-- Recorded data follows --
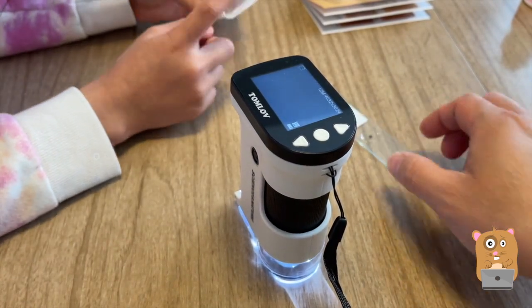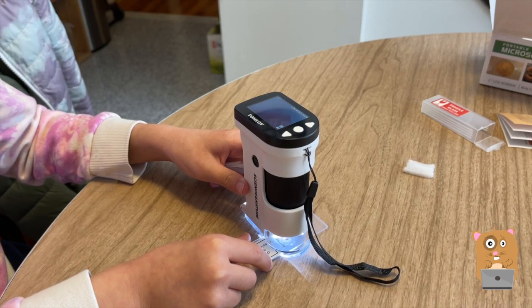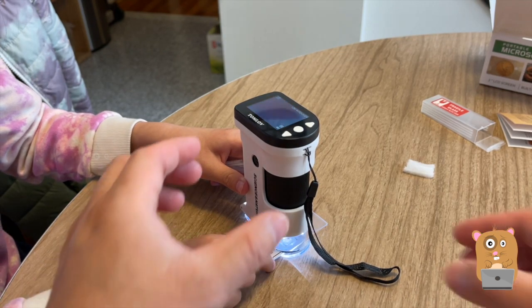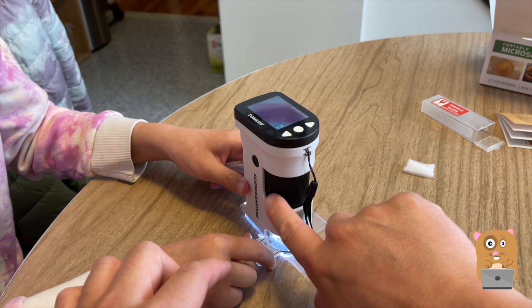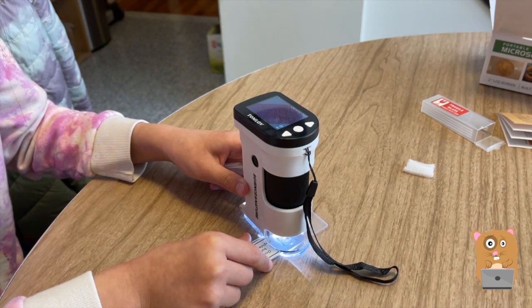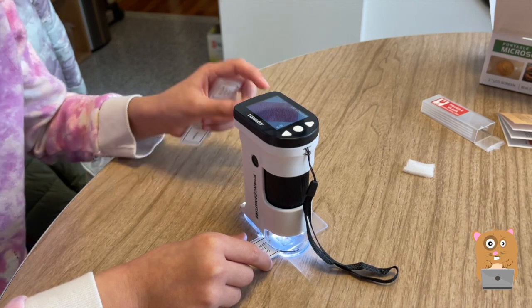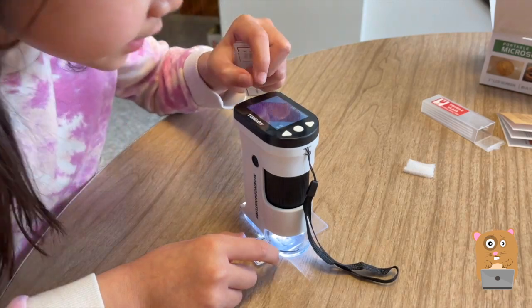Look, Catherine went and got some slides from her other microscope kit. You see this style right here — this is the focus. What is this? It's an onion bulb. There's a little green on it, right there.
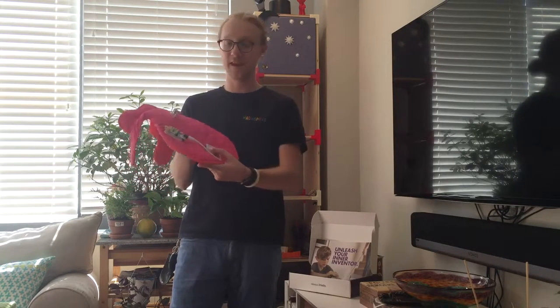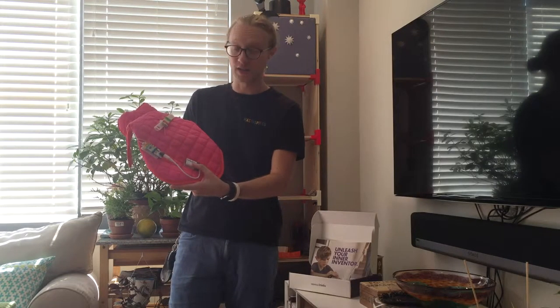Hey there! How's it going LittleBits community? My name is Travis from MacInspires, and this is my LittleBits Super Dog Cape.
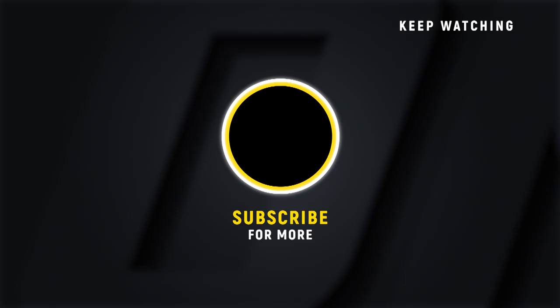Hey guys, it's Misha Tay. If you want to see more awesome One Championship content, make sure you click that subscribe button — click it so you don't miss it.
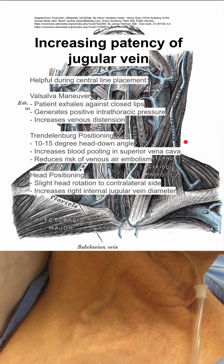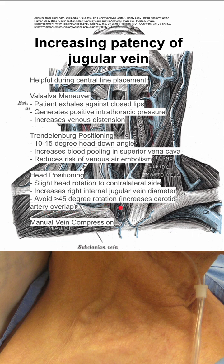You can also change your head positioning. A slight head rotation to the contralateral side might help — it increases the right internal jugular vein diameter. You want to avoid a significant rotation of over 45 degrees because this can increase overlap with the carotid artery, which you want to avoid when placing a central line.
-- Recorded data concluded --
§ **Exercise prompt**
Print the listing again exactly as it appears, except for the pictures, which stay out.

§ **Solution to the exercise**
Look, Catherine went and got some slides from her other microscope kit. You see this style right here — this is the focus. What is this? It's an onion bulb. There's a little green on it, right there.
Hey there! How's it going LittleBits community? My name is Travis from MacInspires, and this is my LittleBits Super Dog Cape.
Hey guys, it's Misha Tay. If you want to see more awesome One Championship content, make sure you click that subscribe button — click it so you don't miss it.
You can also change your head positioning. A slight head rotation to the contralateral side might help — it increases the right internal jugular vein diameter. You want to avoid a significant rotation of over 45 degrees because this can increase overlap with the carotid artery, which you want to avoid when placing a central line.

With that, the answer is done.